Length Appropriateness: The “right” length for a summary depends on the nature and complexity of the underlying content and the task: open-ended, nuanced inputs warrant longer summaries, while direct, focused questions should yield shorter ones. By assessing length appropriateness, we align the output with user expectations and task requirements, rewarding summaries that balance brevity with sufficient detail.

Ensemble-LLM-as-a-grader

To assess the quality of automatically generated summaries, we use an Ensemble-LLM-as-a-grader evaluation protocol. An ensemble of models reduces individual bias compared to a single model. We used GPT-4.1, GPT-5.1, and Haiku-4.5 as graders. These models independently judge the response, and their scores are aggregated.

Grading rubric

Below, we first describe our prompt and scoring function before showing the results.

Prompt

"You are an expert evaluator tasked with grading the quality of an automatically generated summary."

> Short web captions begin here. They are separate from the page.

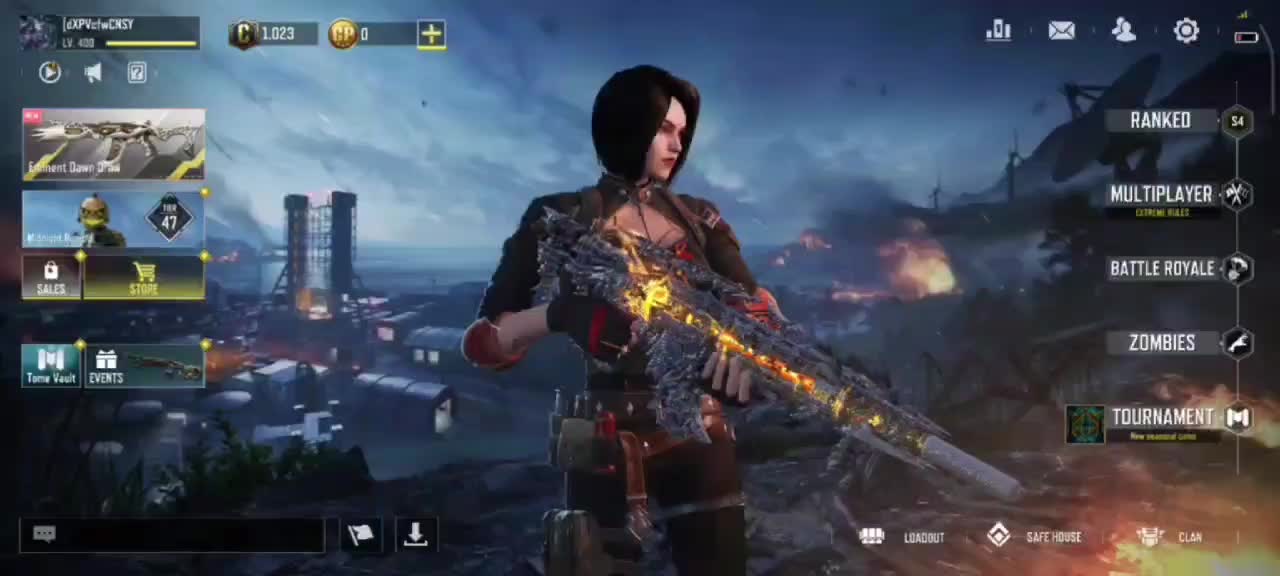 ناب|کنسول، بازی ویدئویی و آنلاین|تهران, شهرک ابوذر|دیوار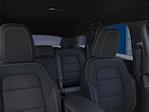 2025 Chevrolet Blazer EV AWD SUV for sale #D21813 - photo 24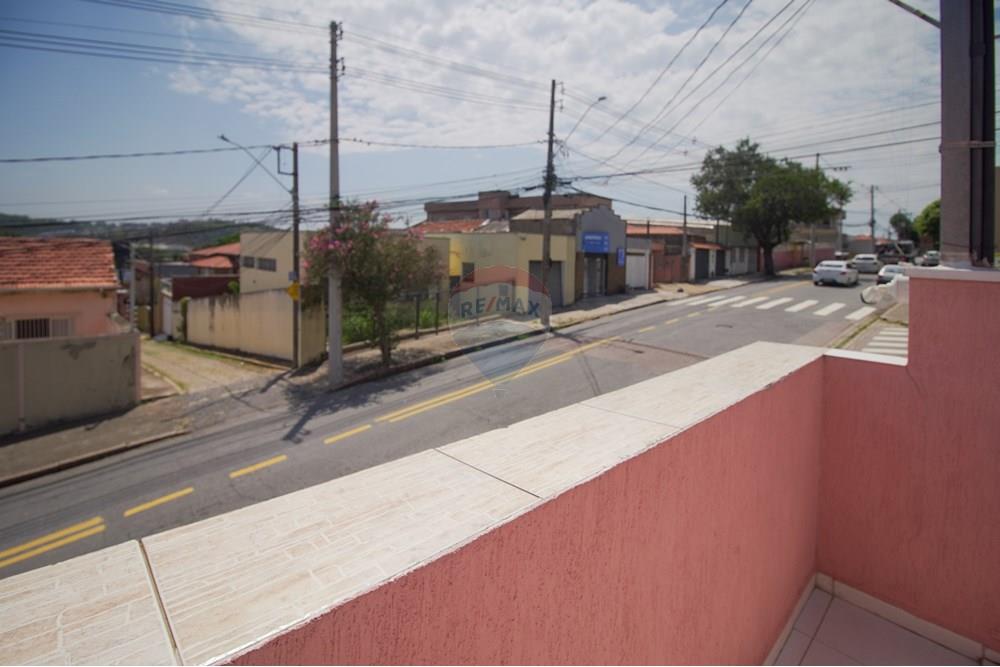 Casa - Venda - Jundiaí , São Paulo - DSC00215.JPG - Sacada - 690791104-20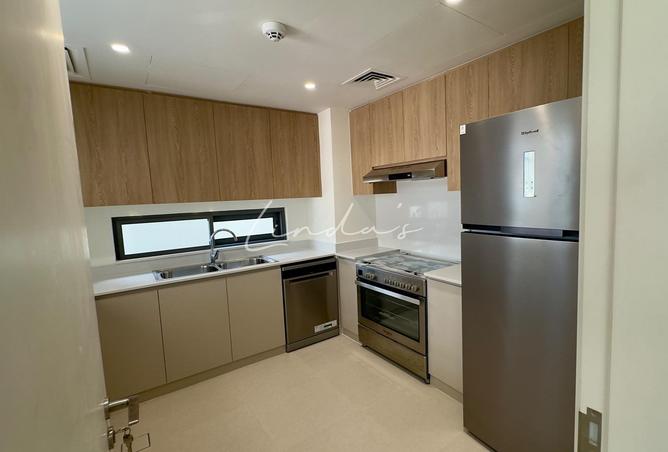 15532786 - صورة العقار 3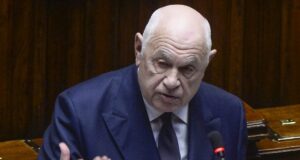 Referendum, Nordio “Rispettiamo popolo sovrano, voto non politico”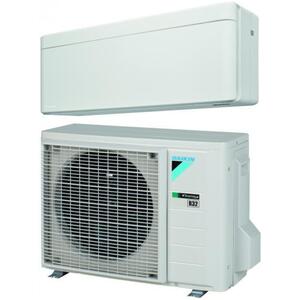 FTXA20A / RXA20A Stylish kép
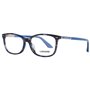Monture de Lunettes Femme Longines LG5012-H 54055 189,99 €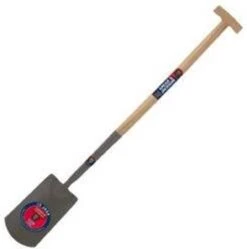 Spear & Jackson Spade 1043GL -Tuingereedschap Serie Winkel 1188x1200 3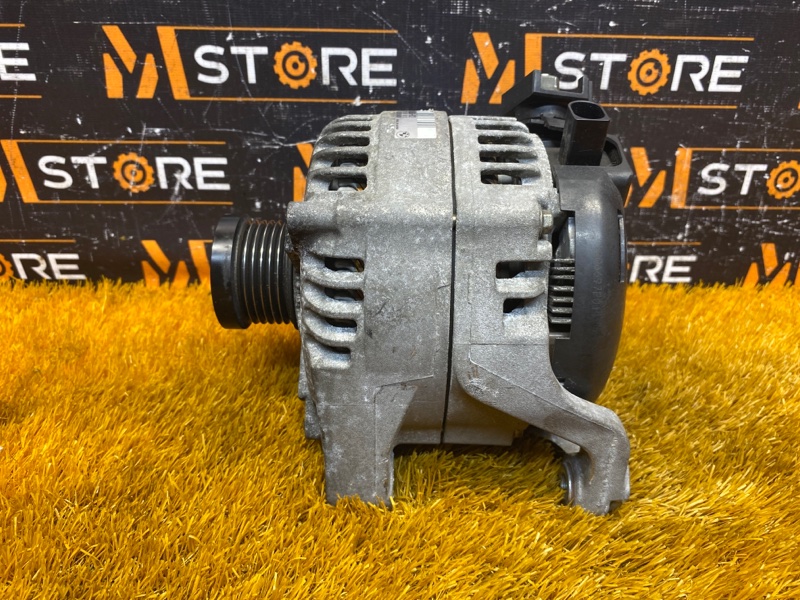 генератор, 5820 рублей, Красноярск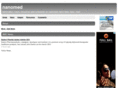 nanomed.co.uk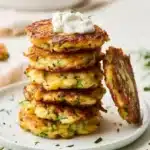 Crispy Air Fryer Zucchini Corn Fritters 2026 07 28 172447 800x800 1
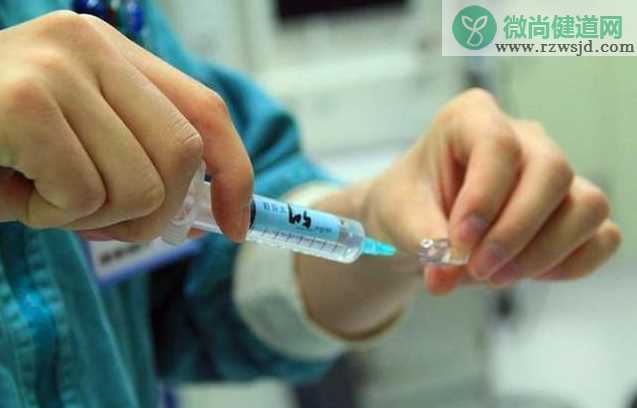 剖宫产腰麻怎么操作 剖宫产腰麻有没有危险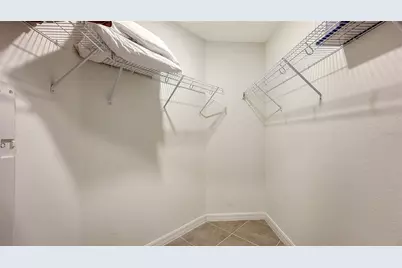 17475 Opal Sand Drive #101, Venice, FL 34293 - Photo 29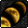 Dark Lunacy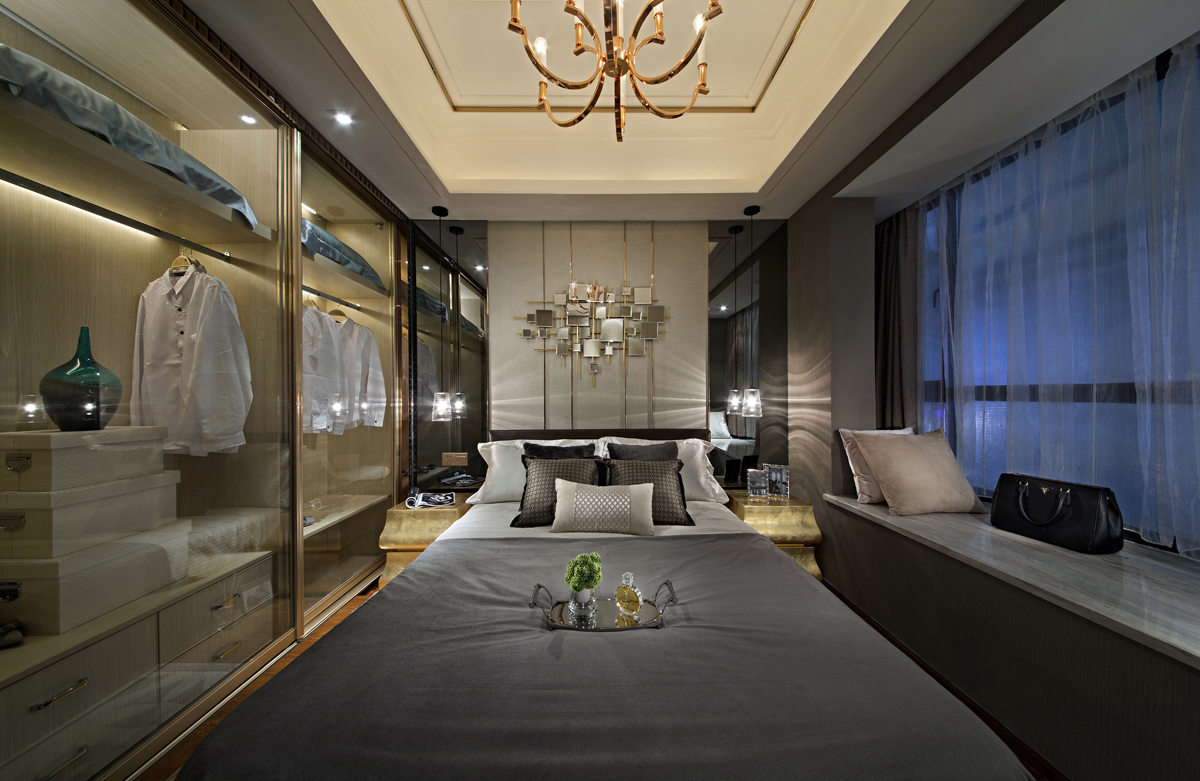 bp_6848355e4def4ad39b215026a134db06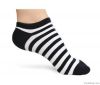 Men ankle sport socks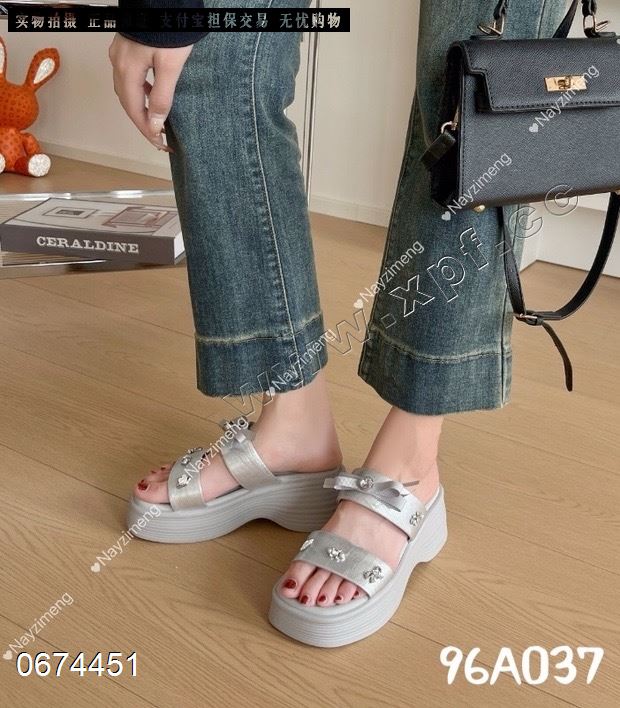 娜英姿梦A037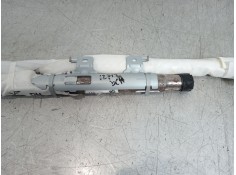 Recambio de airbag cortina delantero derecho para kia sorento () referencia OEM IAM 80420P2000   2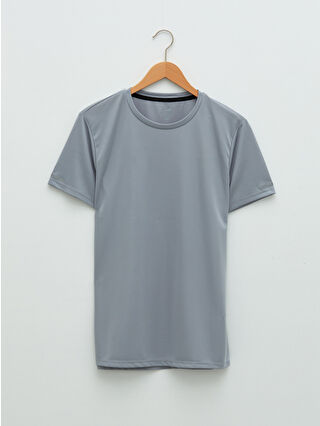 Dull Blue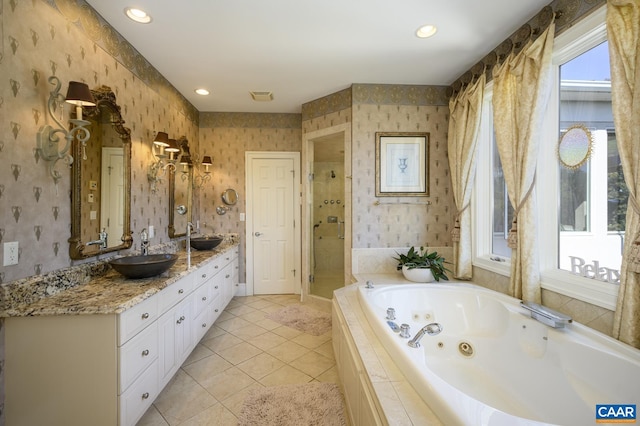 1229 Boone Hill Dr, Lynchburg, VA 24503 - photo 33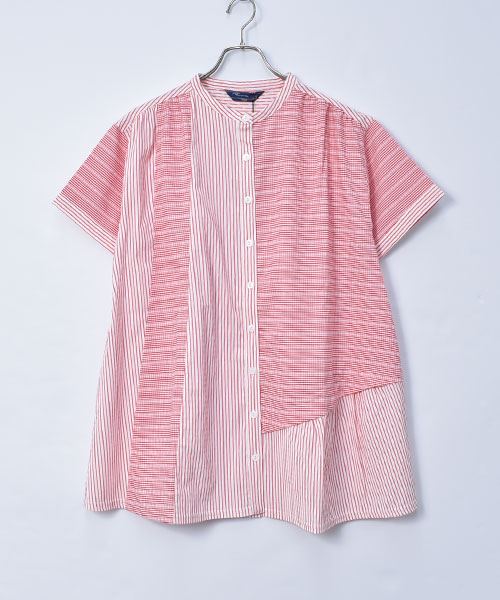 60 レッド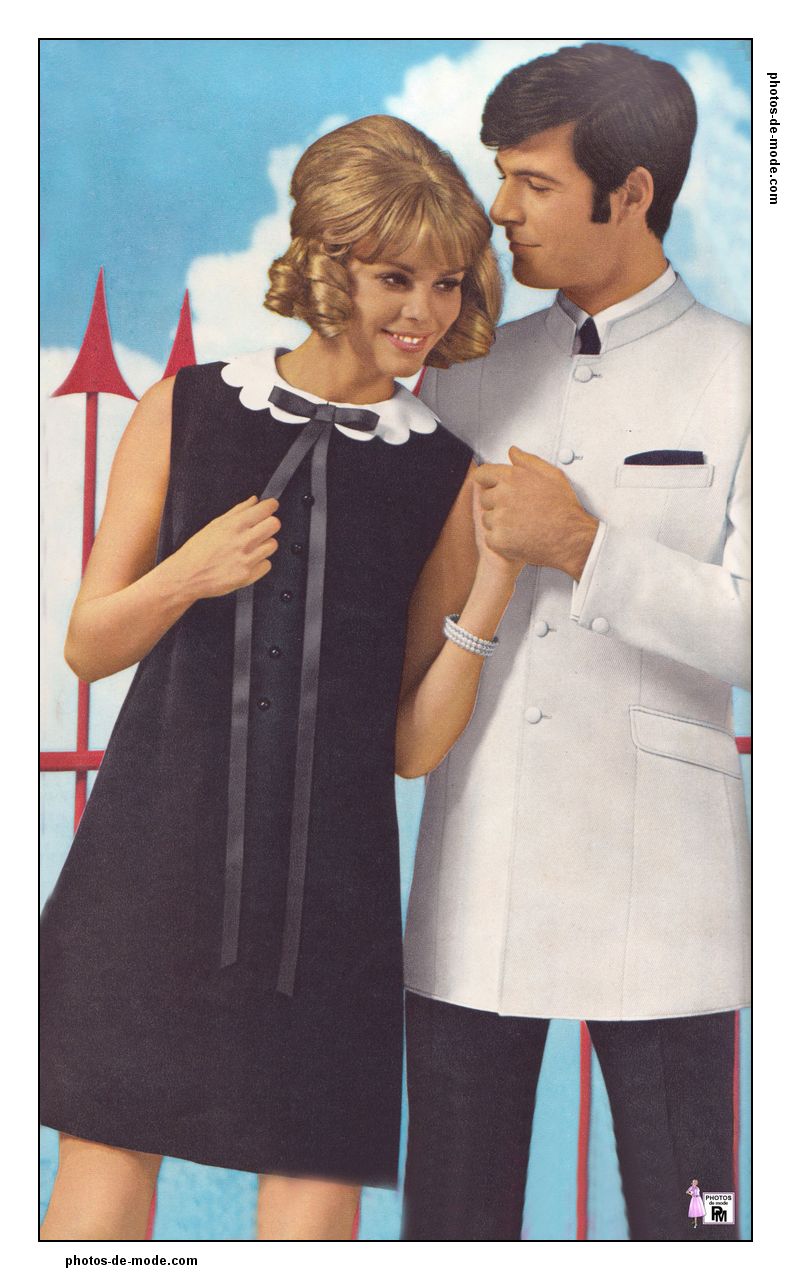 robe 1968  1968-1-ne-0001.jpg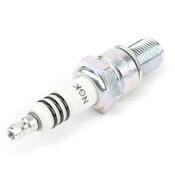 Porsche Spark Plug - NGK 3981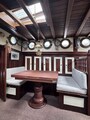 Dawartz Schoneryacht LA PALOMA 19 Dawartz Schoneryacht 18m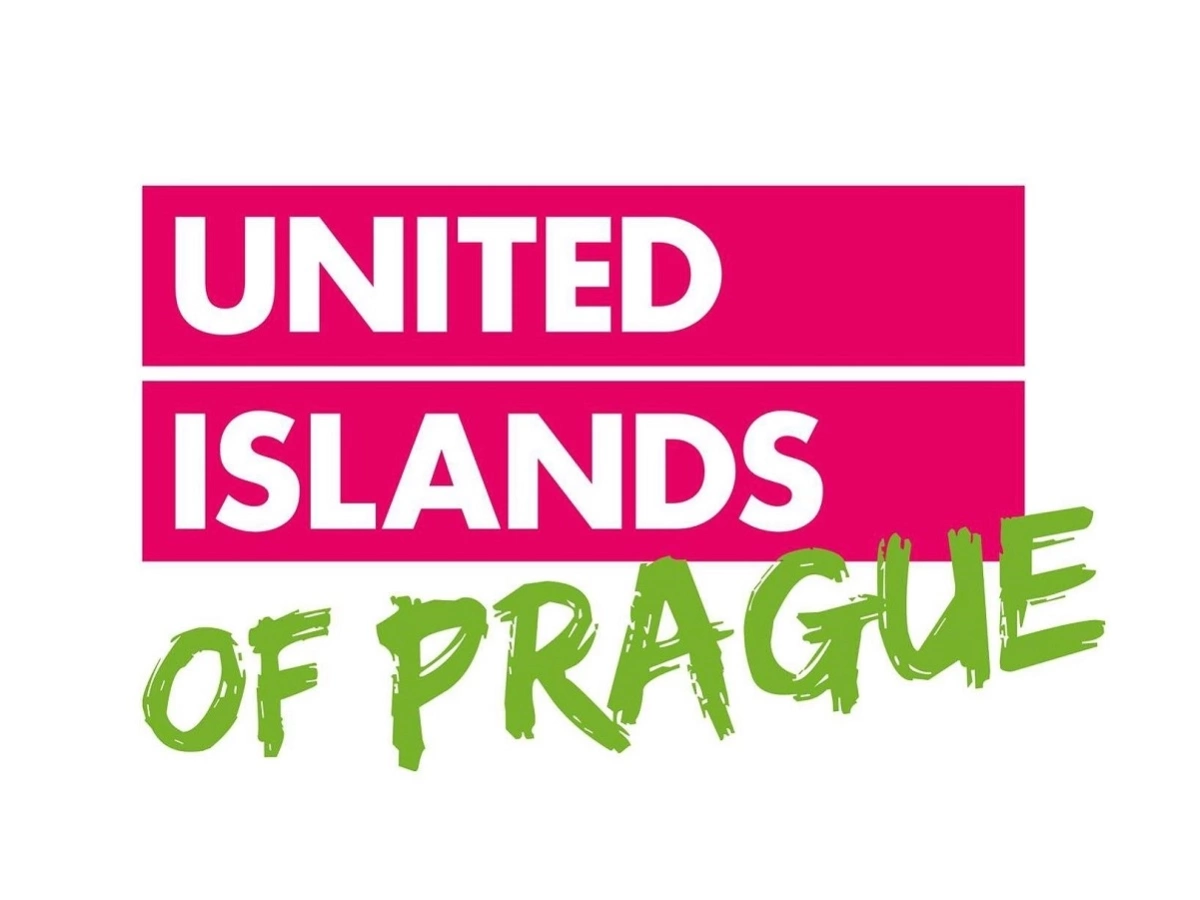 UNITED ISLANDS OF PRAGUE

Your evaluation must map to one of the following overall quality categories:

Excellent - perfectly concise, clear, structured, factual, and of appropriate length
Good - mostly structured minor issues in clarity, conciseness, or length
Average - partially clear, coherent
Poor - significant clarity issues, not following any structure, incoherent

When grading, assess the summary on the following dimensions:

Clarity & Coherence - Is the summary easy to understand and logically structured?
Conciseness - Is the summary free of unnecessary repetition or verbosity?
Structure - Is the ordering of ideas appropriate and helpful for comprehension?
Factuality - Are all facts, claims, and relationships represented?
Length Appropriateness - Is the length reasonable for a summary of this content? For open-ended questions, the expected length is large. For to-the-point questions, the expected length is short.

You will provide:

A **Quality Category** (Excellent, Good, Average, Poor).
A **brief justification** (1–3 sentences) explaining the main reasons for the score.

Question: {question}

Generated Summary: {generated_summary}

Respond **only** in valid JSON:

{{ "score": <Quality category>, "justification": "<short reasoning>" }}

Response must be in a JSON format.

Scoring

The grader is provided with a structured rubric that categorizes each summary into one of four quality levels: Excellent, Good, Average, or Poor.

Each categorical label is mapped to a numerical score using a fixed scale.

{ 'excellent':1, 'good':2, 'average':3, 'poor': 4 }

For every summary, each model independently produces a categorical rating and a short justification. We convert the categorical rating to a numeric score using the scoring map. We finally report the average of their individual scores as the final score representing the quality of the generated summary.

Summary of results

The summary quality evaluation via Ensemble-LLM grading scores 1.87, indicating high-quality structured summaries.
o4-mini and haiku-4.5 produced better-quality summaries.
On average, haiku-4.5 and o4-mini were the fastest. These response times exclude streaming. In practice, response times are lower due to streaming.

Overall, Tursio generates high-quality responses to user questions. These responses are critical for non-expert users to understand the final answer, without requiring them to dig into the details. Although the response times are interactive, the response quality still has room to improve further. We expect a combination of model advancements and prompt engineering to improve the scores further.